Di antara mereka adalah Qus bin Saidah al-Iyadi, As'ad Abu Karib al-Himyari, Ubaid bin al- Abrash al-Asadi, dan Kaab bin Luay bin Ghalib al-Quraisy--salah seorang kakek Rasulullah SAW. Mereka dan para pengikutnya menjalankan syariat Nabi Ibrahim AS.
Misalnya adalah berhaji dengan semestinya ke Baitullah, mandi ketika junub, berkhitan, dan berkurban hanya untuk Allah SWT. Mereka tidak mau memakan daging kurban yang diperuntukkan berhala.
Mereka juga gemar bersunyi diri (iktikaf) biasanya di gua-gua untuk menemukan kedamaian; menganggap haram memakan darah, daging babi, dan bangkai; serta melarang menguburkan anak perempuan (atau siapa pun) hidup-hidup.

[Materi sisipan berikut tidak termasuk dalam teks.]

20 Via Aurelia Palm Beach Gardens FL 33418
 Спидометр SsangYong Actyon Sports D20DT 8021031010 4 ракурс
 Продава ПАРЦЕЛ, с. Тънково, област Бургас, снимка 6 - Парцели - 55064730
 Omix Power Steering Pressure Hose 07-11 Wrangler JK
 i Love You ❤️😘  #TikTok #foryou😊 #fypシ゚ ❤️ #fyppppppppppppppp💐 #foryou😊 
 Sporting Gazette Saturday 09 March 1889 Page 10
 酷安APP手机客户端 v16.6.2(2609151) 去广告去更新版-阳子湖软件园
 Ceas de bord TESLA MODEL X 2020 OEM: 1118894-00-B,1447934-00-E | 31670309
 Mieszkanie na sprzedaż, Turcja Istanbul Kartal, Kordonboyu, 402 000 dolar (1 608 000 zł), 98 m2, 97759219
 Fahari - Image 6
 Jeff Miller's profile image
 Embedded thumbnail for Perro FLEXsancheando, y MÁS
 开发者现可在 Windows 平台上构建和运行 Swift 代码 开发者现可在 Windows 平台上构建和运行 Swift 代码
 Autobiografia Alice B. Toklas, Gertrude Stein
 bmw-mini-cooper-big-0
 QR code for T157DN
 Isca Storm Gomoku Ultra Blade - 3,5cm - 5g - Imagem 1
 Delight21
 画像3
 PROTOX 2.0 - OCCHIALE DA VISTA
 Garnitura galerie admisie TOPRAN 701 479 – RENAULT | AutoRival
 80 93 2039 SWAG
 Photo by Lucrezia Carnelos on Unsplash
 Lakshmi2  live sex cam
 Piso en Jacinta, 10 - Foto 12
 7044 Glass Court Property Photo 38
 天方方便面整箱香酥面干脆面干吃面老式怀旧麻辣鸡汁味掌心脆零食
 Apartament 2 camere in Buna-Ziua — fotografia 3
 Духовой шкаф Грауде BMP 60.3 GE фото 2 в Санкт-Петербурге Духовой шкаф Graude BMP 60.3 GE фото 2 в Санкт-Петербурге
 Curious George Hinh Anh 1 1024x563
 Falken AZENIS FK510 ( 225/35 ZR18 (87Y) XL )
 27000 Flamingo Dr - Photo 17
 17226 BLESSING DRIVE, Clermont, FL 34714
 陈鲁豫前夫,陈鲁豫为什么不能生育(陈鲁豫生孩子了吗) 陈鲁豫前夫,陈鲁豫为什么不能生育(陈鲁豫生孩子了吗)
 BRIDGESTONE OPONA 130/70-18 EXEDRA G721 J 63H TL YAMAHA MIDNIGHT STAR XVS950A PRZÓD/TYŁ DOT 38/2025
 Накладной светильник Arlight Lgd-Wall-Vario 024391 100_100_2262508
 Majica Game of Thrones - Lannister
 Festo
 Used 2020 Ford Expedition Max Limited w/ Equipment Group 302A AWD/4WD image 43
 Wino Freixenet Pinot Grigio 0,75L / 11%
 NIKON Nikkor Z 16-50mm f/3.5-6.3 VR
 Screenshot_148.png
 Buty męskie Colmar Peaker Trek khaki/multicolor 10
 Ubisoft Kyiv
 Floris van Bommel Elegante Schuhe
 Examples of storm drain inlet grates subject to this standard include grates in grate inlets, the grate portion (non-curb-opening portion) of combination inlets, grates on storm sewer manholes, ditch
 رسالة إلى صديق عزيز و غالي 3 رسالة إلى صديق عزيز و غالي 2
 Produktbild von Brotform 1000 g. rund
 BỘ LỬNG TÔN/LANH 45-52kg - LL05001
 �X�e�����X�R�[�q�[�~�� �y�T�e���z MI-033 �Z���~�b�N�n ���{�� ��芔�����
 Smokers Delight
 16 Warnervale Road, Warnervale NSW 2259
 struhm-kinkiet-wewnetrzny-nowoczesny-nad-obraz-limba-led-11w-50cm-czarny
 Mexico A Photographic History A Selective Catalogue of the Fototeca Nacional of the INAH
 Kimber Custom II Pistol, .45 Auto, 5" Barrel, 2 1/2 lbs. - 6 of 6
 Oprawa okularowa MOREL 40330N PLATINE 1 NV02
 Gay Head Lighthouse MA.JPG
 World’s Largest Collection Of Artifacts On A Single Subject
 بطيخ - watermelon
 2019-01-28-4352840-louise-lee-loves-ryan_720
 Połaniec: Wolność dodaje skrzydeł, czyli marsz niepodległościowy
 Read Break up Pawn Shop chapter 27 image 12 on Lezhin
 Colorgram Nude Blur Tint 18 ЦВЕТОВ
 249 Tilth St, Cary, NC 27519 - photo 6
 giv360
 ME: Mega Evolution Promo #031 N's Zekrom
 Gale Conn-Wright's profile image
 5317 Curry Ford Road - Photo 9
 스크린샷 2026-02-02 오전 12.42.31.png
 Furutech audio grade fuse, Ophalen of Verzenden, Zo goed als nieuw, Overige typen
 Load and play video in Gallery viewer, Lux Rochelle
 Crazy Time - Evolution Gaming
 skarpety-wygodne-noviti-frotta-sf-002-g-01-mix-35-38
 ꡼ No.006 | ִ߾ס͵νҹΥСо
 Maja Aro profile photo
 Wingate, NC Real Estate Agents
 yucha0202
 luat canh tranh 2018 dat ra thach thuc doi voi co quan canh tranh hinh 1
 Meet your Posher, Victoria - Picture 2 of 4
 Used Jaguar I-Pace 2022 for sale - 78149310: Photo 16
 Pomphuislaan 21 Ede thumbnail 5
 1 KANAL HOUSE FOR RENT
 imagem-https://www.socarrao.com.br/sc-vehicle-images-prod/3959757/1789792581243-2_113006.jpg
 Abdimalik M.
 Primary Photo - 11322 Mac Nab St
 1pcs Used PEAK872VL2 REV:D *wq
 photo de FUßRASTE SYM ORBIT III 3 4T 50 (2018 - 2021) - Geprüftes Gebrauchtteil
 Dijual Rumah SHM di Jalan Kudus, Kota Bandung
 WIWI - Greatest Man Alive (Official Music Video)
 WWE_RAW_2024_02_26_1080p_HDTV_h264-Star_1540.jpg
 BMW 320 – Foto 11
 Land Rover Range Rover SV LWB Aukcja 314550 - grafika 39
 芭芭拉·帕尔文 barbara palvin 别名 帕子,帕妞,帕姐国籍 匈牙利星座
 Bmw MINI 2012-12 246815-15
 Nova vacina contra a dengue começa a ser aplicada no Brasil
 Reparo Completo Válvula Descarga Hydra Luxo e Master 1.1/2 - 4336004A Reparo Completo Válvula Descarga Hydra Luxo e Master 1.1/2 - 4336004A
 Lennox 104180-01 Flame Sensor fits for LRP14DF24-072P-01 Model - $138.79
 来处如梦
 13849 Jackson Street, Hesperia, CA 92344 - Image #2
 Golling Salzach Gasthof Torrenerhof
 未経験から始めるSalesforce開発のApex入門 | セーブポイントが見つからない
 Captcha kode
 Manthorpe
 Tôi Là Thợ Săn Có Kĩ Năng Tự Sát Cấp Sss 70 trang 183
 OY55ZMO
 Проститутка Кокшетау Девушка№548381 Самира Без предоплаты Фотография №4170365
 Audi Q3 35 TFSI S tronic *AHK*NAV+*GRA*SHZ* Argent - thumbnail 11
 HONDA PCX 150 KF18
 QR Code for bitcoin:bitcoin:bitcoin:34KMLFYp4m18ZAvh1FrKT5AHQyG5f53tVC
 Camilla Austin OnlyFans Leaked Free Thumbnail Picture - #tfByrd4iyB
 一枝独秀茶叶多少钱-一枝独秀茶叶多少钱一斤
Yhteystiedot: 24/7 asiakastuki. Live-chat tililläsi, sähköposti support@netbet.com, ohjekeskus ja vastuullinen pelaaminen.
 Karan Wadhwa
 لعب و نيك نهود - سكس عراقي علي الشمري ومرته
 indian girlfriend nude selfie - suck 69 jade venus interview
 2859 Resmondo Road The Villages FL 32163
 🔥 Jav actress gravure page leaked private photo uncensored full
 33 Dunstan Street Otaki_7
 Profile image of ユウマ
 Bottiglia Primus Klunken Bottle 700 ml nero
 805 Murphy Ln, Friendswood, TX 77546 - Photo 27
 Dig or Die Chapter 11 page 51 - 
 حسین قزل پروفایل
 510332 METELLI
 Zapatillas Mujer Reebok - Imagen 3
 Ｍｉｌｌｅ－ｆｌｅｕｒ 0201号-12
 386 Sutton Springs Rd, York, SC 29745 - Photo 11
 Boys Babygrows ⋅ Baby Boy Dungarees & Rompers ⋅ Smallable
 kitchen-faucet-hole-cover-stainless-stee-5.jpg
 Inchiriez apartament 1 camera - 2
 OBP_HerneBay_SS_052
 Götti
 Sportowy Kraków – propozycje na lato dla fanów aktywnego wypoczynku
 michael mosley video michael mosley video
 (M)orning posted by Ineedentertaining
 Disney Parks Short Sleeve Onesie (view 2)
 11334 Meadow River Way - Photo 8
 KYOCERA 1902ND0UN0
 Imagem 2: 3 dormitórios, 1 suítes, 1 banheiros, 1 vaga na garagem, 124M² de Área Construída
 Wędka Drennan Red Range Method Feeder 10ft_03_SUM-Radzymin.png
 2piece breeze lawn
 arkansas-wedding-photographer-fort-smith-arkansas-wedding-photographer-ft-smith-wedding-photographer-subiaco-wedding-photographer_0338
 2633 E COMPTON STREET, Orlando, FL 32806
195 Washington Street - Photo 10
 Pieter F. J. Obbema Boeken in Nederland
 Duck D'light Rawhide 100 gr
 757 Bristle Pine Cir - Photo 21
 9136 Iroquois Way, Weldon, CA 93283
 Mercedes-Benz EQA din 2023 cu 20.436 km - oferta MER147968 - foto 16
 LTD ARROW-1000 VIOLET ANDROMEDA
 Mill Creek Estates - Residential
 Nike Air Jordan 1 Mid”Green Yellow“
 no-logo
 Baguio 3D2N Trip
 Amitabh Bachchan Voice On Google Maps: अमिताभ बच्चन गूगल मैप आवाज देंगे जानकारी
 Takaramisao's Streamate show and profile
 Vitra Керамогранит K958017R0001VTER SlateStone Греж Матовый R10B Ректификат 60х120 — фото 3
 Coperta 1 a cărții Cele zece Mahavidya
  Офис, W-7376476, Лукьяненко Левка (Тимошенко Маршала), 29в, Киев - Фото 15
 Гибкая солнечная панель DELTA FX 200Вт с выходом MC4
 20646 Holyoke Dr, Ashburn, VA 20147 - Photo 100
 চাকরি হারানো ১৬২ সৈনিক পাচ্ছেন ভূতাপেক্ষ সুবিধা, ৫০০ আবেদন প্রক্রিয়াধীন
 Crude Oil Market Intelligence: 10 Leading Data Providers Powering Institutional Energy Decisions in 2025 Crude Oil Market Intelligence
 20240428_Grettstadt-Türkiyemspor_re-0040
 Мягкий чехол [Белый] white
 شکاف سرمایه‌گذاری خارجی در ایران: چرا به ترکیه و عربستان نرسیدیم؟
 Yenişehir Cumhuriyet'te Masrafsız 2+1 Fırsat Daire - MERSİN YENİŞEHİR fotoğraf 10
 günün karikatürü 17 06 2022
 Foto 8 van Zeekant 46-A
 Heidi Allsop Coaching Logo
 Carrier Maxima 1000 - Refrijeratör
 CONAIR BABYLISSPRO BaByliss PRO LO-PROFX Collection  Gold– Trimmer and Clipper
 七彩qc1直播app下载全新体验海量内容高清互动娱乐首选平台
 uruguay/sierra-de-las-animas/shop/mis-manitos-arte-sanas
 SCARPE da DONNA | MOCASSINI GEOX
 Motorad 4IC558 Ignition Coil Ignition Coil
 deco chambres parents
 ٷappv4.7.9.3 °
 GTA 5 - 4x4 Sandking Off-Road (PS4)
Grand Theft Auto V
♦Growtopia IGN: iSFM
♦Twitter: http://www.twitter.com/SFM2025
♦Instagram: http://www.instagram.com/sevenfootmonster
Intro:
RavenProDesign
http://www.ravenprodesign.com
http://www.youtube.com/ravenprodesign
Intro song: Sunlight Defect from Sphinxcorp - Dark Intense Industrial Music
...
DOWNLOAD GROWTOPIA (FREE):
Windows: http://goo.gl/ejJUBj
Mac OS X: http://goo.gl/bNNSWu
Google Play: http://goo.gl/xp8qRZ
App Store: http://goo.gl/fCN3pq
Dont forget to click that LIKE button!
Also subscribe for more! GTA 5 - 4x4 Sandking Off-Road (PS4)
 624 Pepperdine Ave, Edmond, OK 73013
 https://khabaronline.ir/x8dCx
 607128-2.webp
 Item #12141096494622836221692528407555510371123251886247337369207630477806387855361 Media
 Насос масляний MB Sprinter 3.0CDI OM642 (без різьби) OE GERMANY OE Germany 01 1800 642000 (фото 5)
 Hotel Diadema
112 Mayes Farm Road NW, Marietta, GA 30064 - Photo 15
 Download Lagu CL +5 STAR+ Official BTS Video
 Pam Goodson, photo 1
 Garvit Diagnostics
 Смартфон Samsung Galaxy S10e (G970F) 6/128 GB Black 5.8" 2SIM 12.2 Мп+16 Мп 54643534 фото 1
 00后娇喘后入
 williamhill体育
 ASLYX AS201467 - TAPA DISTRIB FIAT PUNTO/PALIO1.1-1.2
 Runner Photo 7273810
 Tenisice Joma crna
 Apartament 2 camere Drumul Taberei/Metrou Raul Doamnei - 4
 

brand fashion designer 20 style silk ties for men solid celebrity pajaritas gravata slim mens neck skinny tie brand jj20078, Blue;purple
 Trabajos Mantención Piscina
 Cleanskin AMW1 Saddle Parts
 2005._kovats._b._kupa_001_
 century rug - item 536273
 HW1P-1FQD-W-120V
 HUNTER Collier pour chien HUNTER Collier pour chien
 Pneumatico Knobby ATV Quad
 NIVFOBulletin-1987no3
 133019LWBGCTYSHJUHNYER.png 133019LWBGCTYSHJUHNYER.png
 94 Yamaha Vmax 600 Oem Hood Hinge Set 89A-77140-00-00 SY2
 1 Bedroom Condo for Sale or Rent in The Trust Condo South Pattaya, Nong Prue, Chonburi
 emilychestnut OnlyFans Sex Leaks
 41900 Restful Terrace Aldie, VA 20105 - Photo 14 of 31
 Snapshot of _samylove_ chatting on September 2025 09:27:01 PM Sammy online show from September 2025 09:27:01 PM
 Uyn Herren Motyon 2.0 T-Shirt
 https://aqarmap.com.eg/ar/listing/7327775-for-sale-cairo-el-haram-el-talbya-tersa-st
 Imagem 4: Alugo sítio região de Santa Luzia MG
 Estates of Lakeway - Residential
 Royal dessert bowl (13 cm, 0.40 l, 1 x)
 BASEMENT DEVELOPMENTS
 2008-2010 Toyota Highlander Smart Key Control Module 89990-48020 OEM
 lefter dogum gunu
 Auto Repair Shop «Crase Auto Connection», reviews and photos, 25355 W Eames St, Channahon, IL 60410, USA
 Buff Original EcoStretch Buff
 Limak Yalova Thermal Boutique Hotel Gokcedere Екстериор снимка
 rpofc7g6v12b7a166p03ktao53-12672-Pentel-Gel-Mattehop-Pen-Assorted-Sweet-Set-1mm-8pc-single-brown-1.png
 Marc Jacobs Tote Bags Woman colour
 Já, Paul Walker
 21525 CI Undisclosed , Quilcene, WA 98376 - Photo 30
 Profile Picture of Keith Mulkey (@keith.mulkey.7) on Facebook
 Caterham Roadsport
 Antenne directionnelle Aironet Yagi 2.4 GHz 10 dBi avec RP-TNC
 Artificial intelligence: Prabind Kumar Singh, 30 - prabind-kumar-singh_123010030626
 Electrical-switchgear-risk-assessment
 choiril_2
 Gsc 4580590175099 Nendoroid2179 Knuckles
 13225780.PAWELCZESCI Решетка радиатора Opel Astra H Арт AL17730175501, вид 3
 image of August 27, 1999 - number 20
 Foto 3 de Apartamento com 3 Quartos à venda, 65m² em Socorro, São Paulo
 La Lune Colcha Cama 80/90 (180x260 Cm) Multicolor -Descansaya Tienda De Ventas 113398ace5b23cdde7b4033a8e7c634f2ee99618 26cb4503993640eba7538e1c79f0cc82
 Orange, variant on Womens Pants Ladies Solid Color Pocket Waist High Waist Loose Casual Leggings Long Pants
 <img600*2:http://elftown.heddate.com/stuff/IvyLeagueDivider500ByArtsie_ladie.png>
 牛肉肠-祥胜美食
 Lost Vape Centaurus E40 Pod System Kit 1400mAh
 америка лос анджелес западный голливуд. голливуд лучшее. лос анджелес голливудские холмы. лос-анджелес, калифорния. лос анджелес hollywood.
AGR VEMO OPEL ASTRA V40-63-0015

Banyak di antara para pengikut tauhid millah Ibrahim yang bisa membaca dan menulis. Bahkan, ada pula yang pakar kitabullah (ahlul kitab), walaupun tidak sampai memeluk Yahudi atau Nasrani, karena dinilainya kurang mampu melegakan dahaga batin mereka yang meyakini tauhid murni.
Kelak, Alquran sendiri menegaskan bahwa Nabi Ibrahim AS bukanlah dari golongan Yahudi maupun Nasrani. Lihat, misalnya, surah Ali Imran ayat ke-65 hingga 68.
Allah SWT melalui firman-Nya itu menyangkal klaim-klaim tak mendasar dari pemuka Yahudi dan Nasrani yang ingin agar sang Khalilullah itu diakui sebagai bagian dari kubu masing-masing. Menurut tafsir Ibnu Katsir, dalam ayat tersebut seakan-akan Allah SWT menyindir dua kaum tersebut: "Bagaimana mungkin Ibrahim memeluk agama kalian, sedangkan syariat yang diberlakukan kepada kalian terpaut jangka waktu yang sangat panjang setelah Ibrahim?"
Maka dari itu, jelaslah bahwa Nabi Ibrahim AS berada di jalan yang lurus, yakni tauhid dengan semurnimurninya keyakinan bahwa hanya Allah yang pantas disembah, tidak ada sekutu bagi-Nya.